** Records for the exercise **
[Start of section]

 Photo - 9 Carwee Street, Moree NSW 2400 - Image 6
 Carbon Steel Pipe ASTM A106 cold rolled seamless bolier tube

[End of section]
[Start of section]

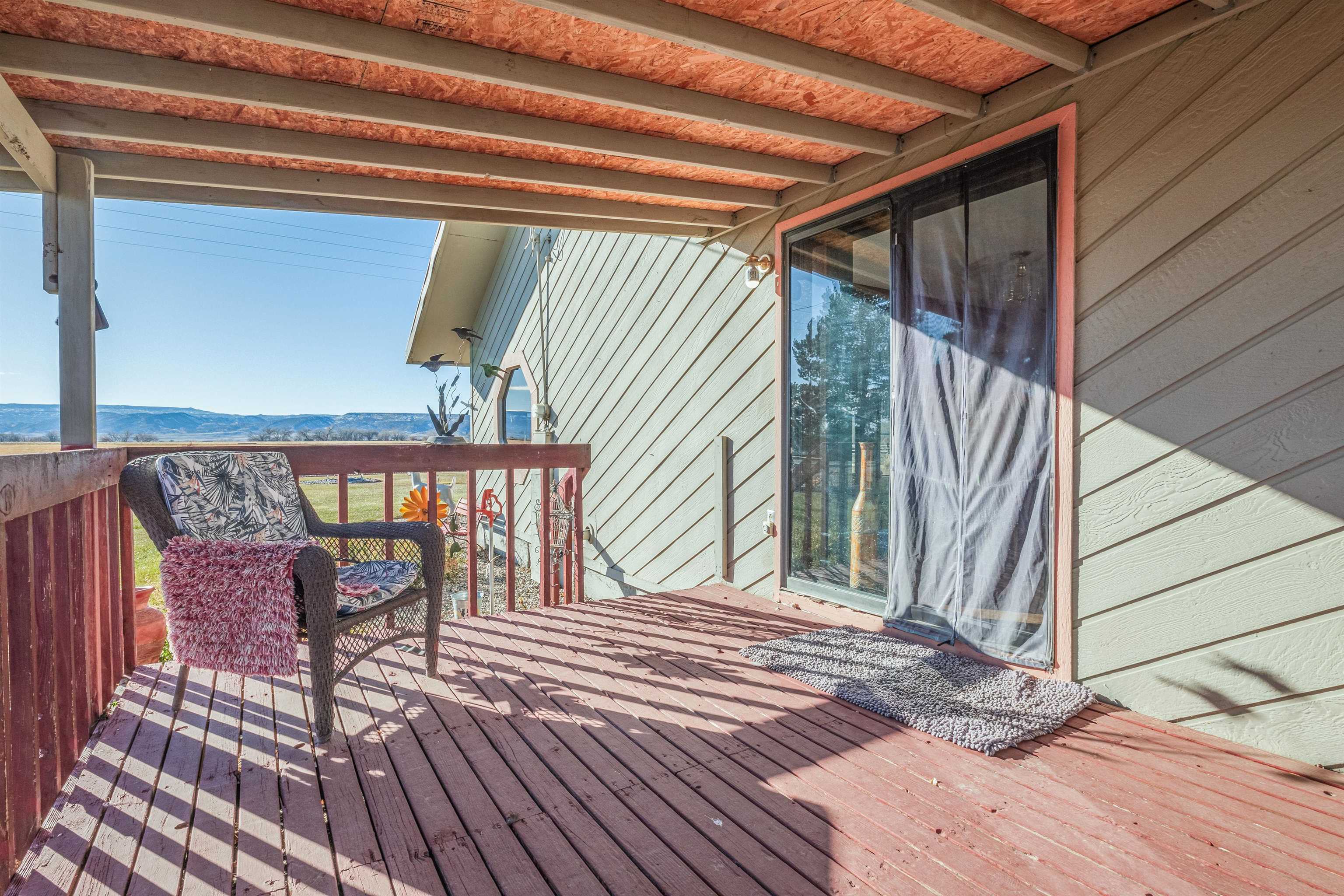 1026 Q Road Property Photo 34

[End of section]

** What you will do **
In the listing above, find the line containing "Photo - 9 Carwee" and the line containing "Carbon Steel Pipe", then quote both, plus every line between them, exactly as written.

** Exercise answer **
 Photo - 9 Carwee Street, Moree NSW 2400 - Image 6
 Carbon Steel Pipe ASTM A106 cold rolled seamless bolier tube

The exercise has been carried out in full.